/ 2 February 2018

Kenya inaugurates another crisis

Supporters of Kenya’s opposition party cheered on leader Raila Odinga at his ‘inauguration’.
Supporters of Kenya’s opposition party cheered on leader Raila Odinga at his ‘inauguration’.

NEWS ANALYSIS

All the trappings of official ceremony were observed.

On a stage in Uhuru Park in Nairobi, a man in a colonial-era wig administered the oath of office to Raila Odinga, who placed his hand on a Bible as he solemnly swore to truly and diligently serve the people and uphold the Constitution of the Republic.

“Today is a historic day for the people of Kenya,” said Odinga, as a crowd of more than 15 000 people cheered him on.

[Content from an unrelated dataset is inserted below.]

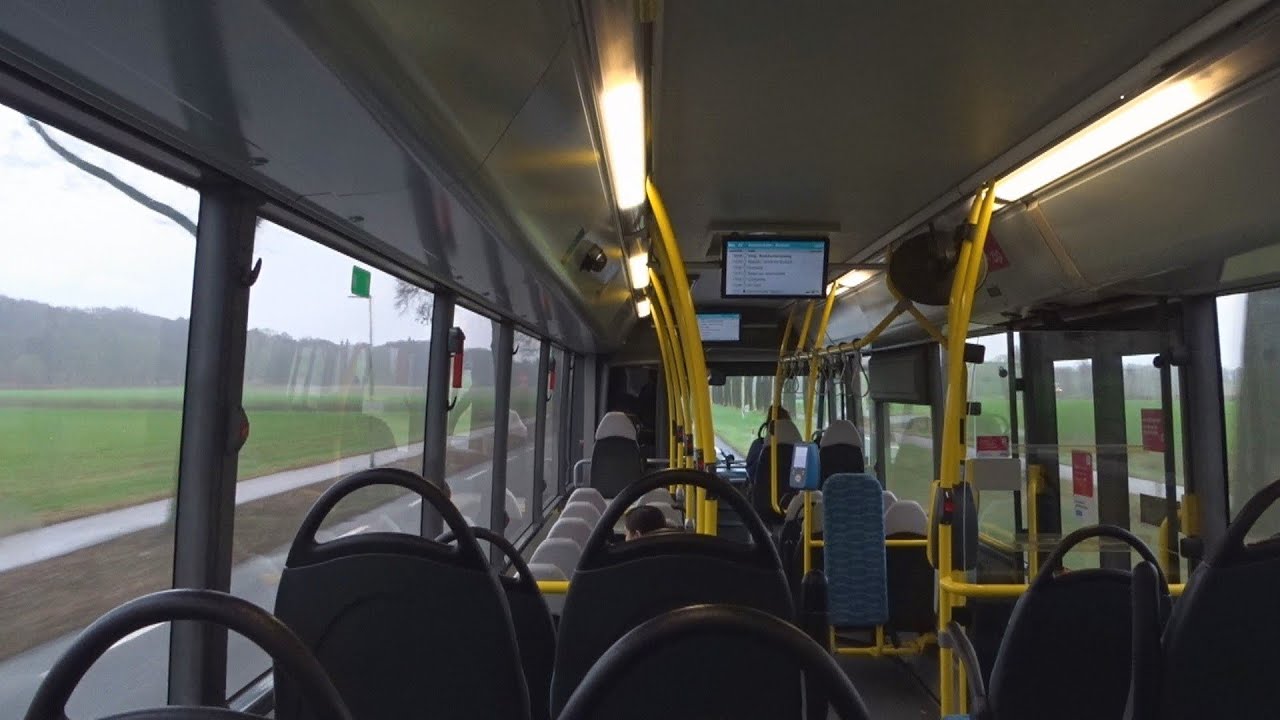 VDL Berkhof Ambassador ALE-120 #8445 | Voith | Lijn 29 Velp - Doesburg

But there’s a catch: Odinga did not win the last election. The bewigged official was not the chief justice but a partisan MP. And no matter how loud his protestations, Odinga has no legal claim to the presidency.

That office is already occupied by Uhuru Kenyatta, who staged his own re-inauguration in November. He won the October election — the rerun, held after the Supreme Court annulled the August poll — but his victory was hollow.

Odinga had urged his supporters to boycott what he described a flawed process, and they listened. Kenyatta may have been sworn in by the real chief justice but that doesn’t mean his mandate to govern is necessarily stronger than his rival’s.

Nor was his inauguration without controversy. While Kenyatta’s supporters roared in approval, and heads of state from all over flew in to Kasarani Stadium to lend credibility to the proceedings, police were firing tear gas and bullets at protesters on the other side of Nairobi. At least one person was killed.

“Today is yet another historic day for our great motherland,” said Kenyatta in his inauguration speech.

The twin inaugurations, both flawed, are the latest chapters in a rivalry between Kenyatta and Odinga that dates back decades to when their fathers sat in State House together: Jomo Kenyatta as Kenya’s first post-independence president, and Jarimogi Oginga Odinga as his deputy. Then they were on opposite sides of the brutal post-election violence in 2007-2008, in which an estimated 1 400 people were killed.

Now, an ageing Odinga knows that this is his last chance to seize power, and Kenyatta knows he needs to cement his legacy — and pay back his allies, such as Deputy President William Ruto, who have been key to his success.

“Kenya is on the brink of plummeting into the abyss of political catastrophe. The government and the opposition are locked in an existential contest for Kenya’s leadership,” writes the Reverend Francis Omondi, for the non-partisan political magazine The Elephant. “Could it be that Kenya is headed for apocalyptic politics?”

The language being used on both sides of the divide tends to support this grim assessment.

In October, after Kenyatta’s win was formalised, Odinga announced the formation of the National Resistance Movement (NRM), a name that echoes militarised rebellions in other African countries, and some of his key lieutenants now style themselves as “General”.

Kenyatta’s administration, meanwhile, has branded the NRM a “criminal” organisation and declared Odinga’s self-inauguration “treason”. The MP who administered the oath has been arrested.

Kenyatta has also come down hard on media organisations who broadcast the event, accusing them of inciting violence — a violation of the press freedoms enshrined in the Constitution, and a sign that the government is willing to flout basic rights to stay in power.

These dynamics make compromise unlikely, even if that’s the only immediate solution to this mess.

“Everybody knows what is required to solve this,” said Patrick Gathara, a cartoonist and political analyst.

“Kenyatta and Raila need to sit down. Not them only. And we need to have a serious discussion about how elections are run, how the system is run. Until that happens, anything else is going to be window dressing.”

For now, then, window dressing will have to do. And some comfort can be drawn from the fact that although dozens have already died in post-election violence, this has been sporadic rather than widespread: we are still far from the depths plumbed in 2007-2008.

“It’s not often that you light a match and put it so close to some lethal gas and it doesn’t go ‘kaboom’,” observed Nation columnist Charles Onyango-Obbo.

That match, however, is still lit. And neither of Kenya’s “presidents” seems willing to snuff it out.